As early as Wednesday night, I pedaled home down the Fairmount Avenue bike lane fully conscious of the lack of parked cars on my right hand side. Unfortunately, I'm usually constantly watching out so I don't get "doored" on this and other similar streets. To be able to ride without that anxiety was glorious.
The much-talked-about Pope Ride tomorrow morning is probably the best example of this #popenstreets energy. But you don't have to be on a bicycle to find it magical. Just to be able to stand in the middle of the street and take a photograph of City Hall from a new angle is exciting. To be able to walk around, talking to my mom on the phone, without getting interrupted by a driver cutting me off in the crosswalk where I have the right of way. To be able to navigate streets without feeling like you're in a game of Frogger….what a concept
It's not a new concept, in Philly or elsewhere. We have a vibrant tradition of small-scale, and even some large-scale, street closures. We are a city of block parties upon block parties upon block parties, and we are proud of that. We shut down one of our biggest streets for the Broad Street Run, we shut down streets for Diner en Blanc, we shut down streets for the Food Trust's wildly popular Night Markets. All of these events, I would hazard to guess, entice people to come out partially for the running, the food, the white outfits - and partially because it's fun to be out in the street.
Why shouldn't we combine this large-scale #popenstreets enthusiasm with our city's rich history of blocking off our individual blocks for cookouts, and take it to the next level? Let's have regularly-scheduled Open Streets events in Philadelphia - not just for Broad Street Runners, or Diner-En-Blanc lottery winners, or the residents of a few blocks, or Catholic pilgrims, but for all of us.
If you haven't heard of Open Streets before, it's a pretty simple concept: Temporarily close a street to motor vehicle traffic and open it to everything else. Provide some programming - maybe Zumba, yoga or vendors. Then watch how it can strengthen community ties, connect us in new ways, and just provide some much-needed breathing room to a big city's inhabitants.

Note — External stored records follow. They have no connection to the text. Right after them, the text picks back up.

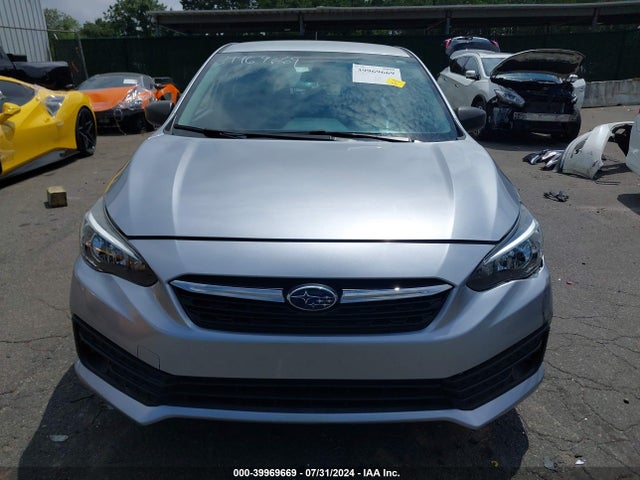 4S3GTAB62L3723784 Subaru Impreza 5-door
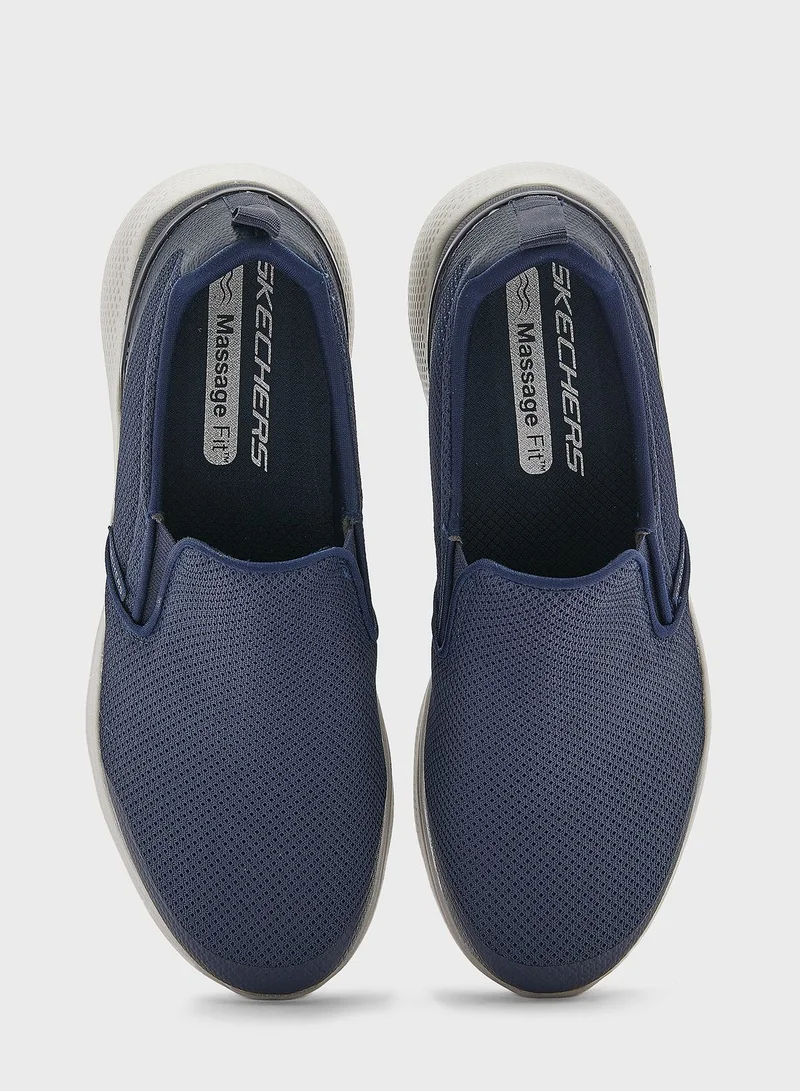 SKECHERS Go Walk Massage Fit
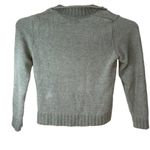 Sonoma  Large Green Pullover Sweater B148 Photo 1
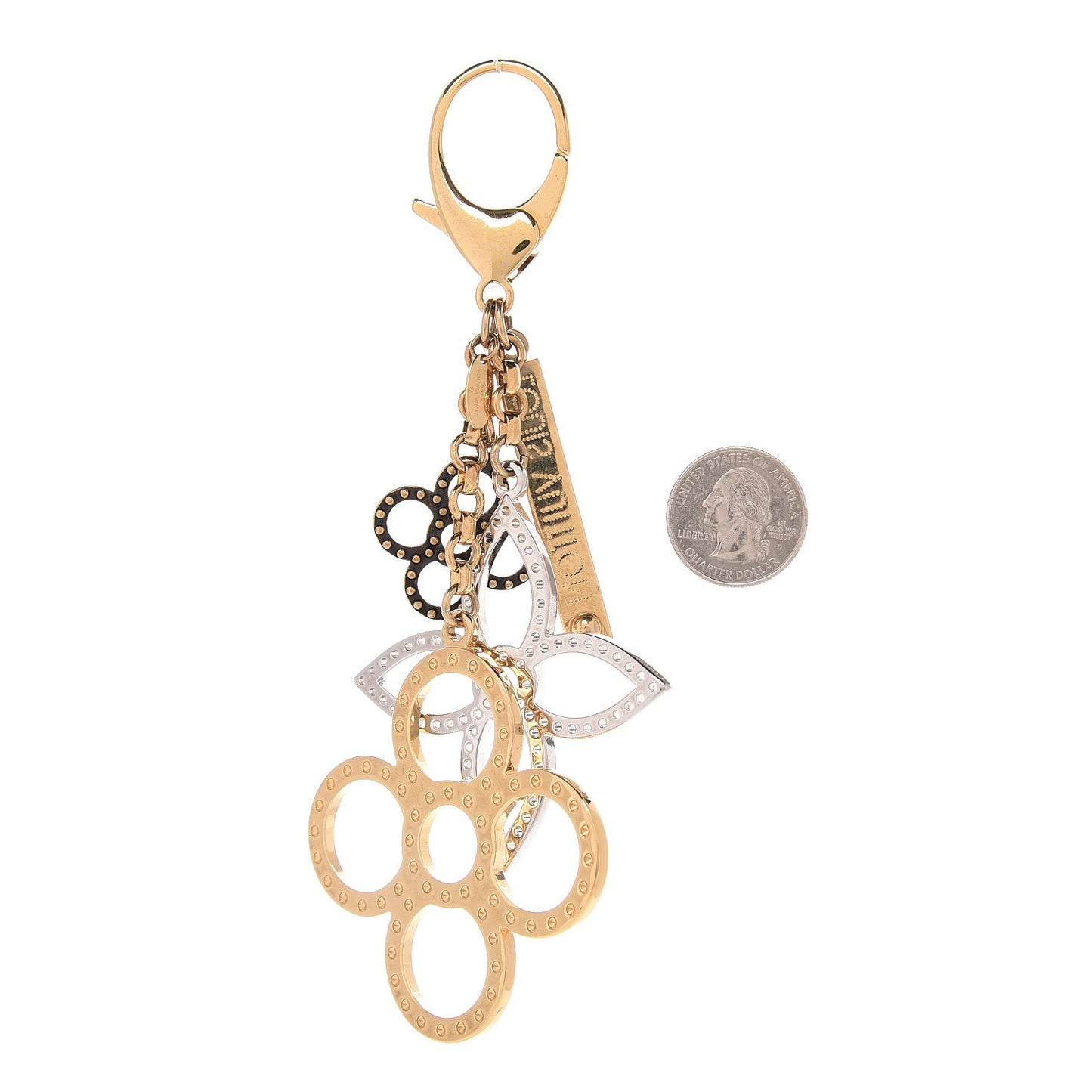 Tapage Bag Charm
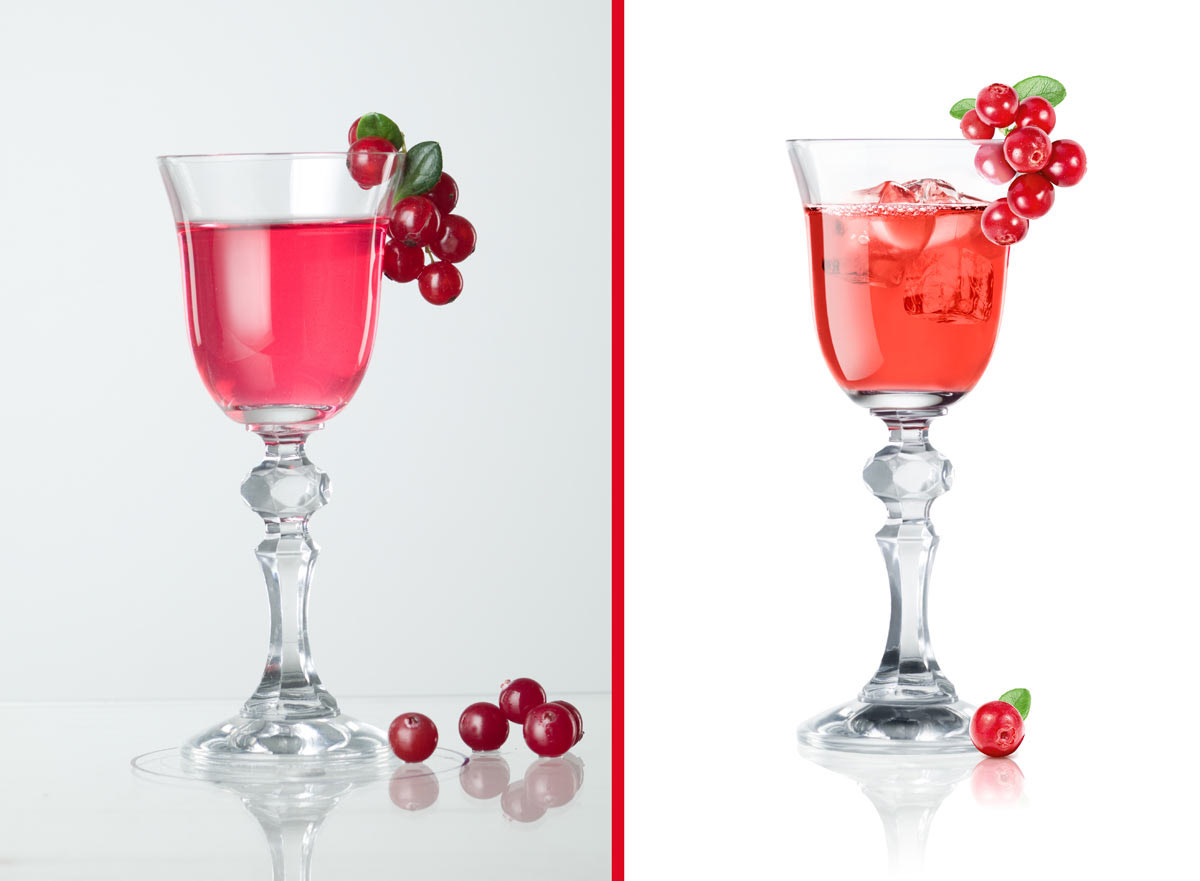 Post-production, retouching and image editing by #PolozovArts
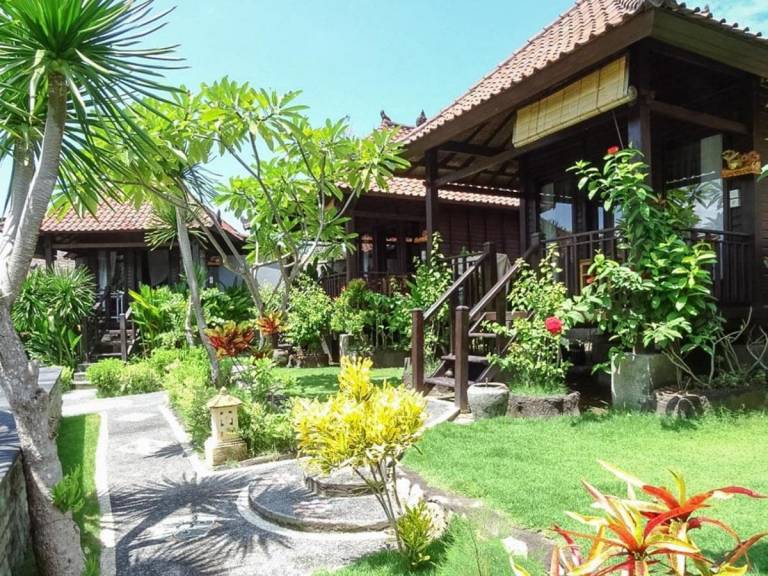 Perdana Homestay Lembongan — photo 3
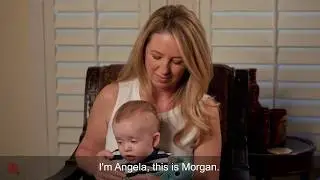 The Sharp Family's NICU Story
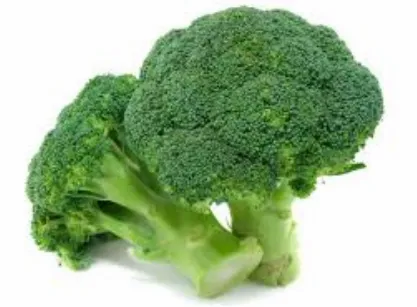 Organic Broccoli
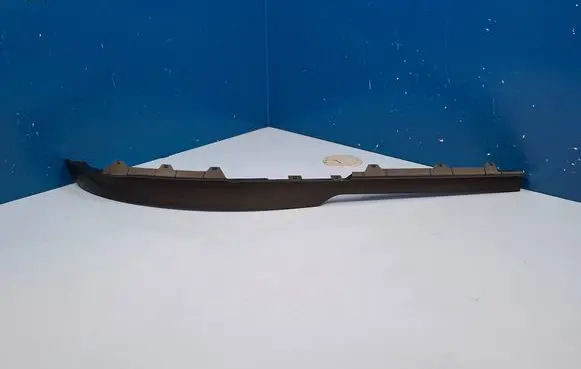 Opel Insignia B Front bumper lip 39107466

As the Open Streets Initiative's mission statement notes: "With more than 100 documented initiatives in North America, open streets are increasingly common in cities seeking innovative ways to achieve environmental, social, economic, and public health goals."
New York does it. Los Angeles does it. Philly can do it too. Maybe #popenstreets can point us in the right direction? Let's not let the party stop when the Pope leaves town.